Given data
━━━

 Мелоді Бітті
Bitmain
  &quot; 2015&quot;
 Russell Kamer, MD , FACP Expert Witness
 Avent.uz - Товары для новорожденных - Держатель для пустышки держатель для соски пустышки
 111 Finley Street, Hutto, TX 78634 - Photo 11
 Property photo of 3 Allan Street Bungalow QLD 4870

━━━

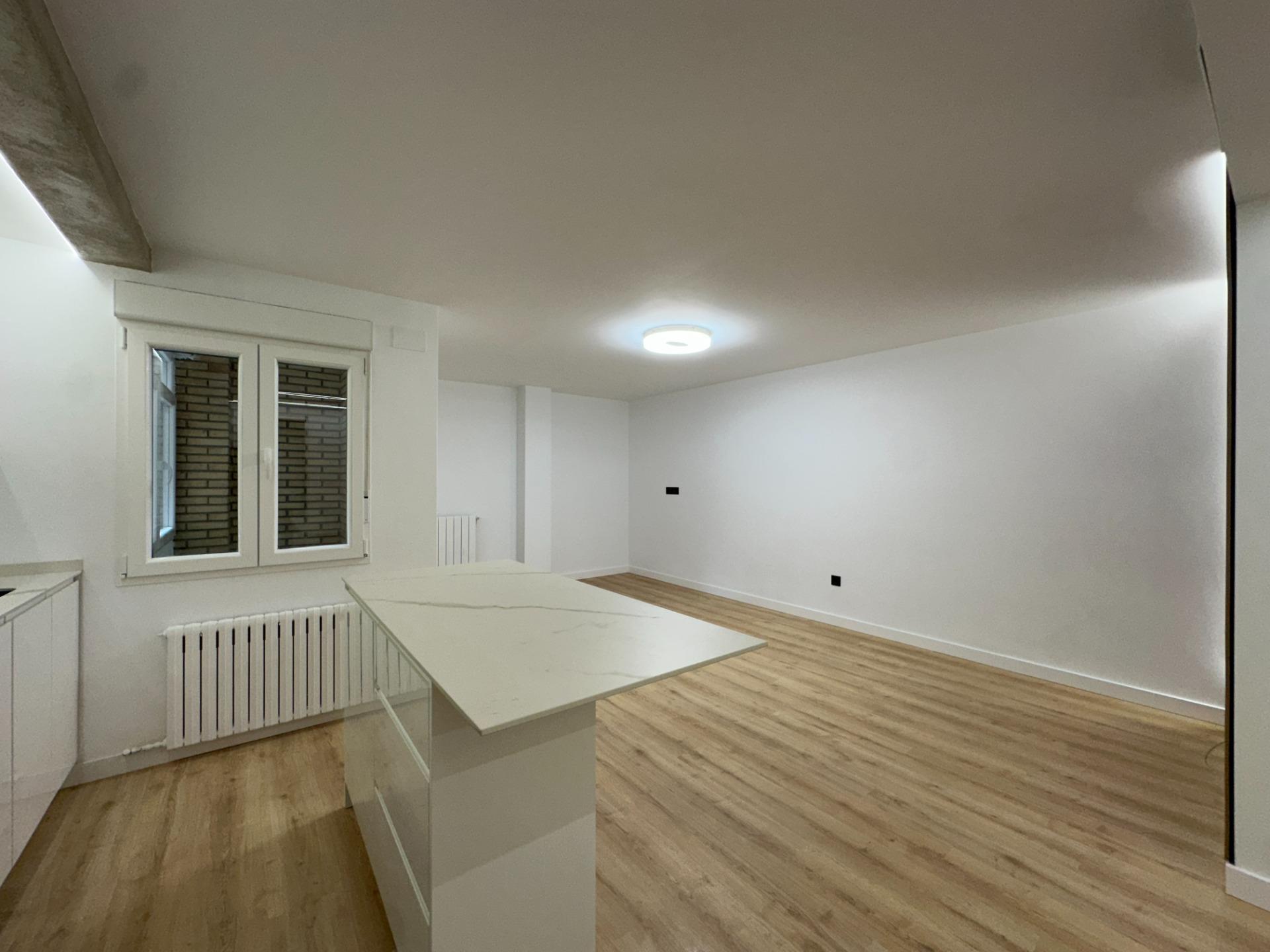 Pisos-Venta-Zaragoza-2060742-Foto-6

━━━

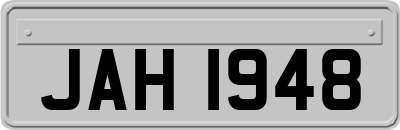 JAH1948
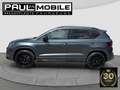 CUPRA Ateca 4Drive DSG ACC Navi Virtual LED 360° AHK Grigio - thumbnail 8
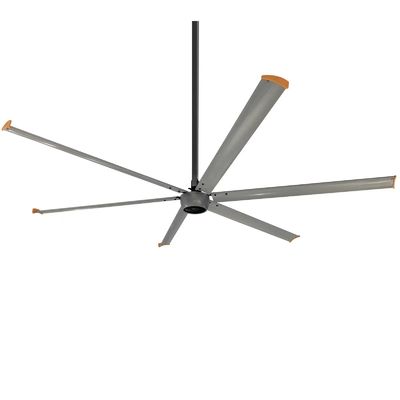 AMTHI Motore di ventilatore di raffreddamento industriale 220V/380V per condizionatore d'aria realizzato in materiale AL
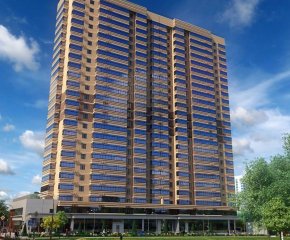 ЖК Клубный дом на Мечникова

━━━

Task description
Whenever a line in the data above contains the word "Street", include it in the tally, and report only the final number.

Task solution
2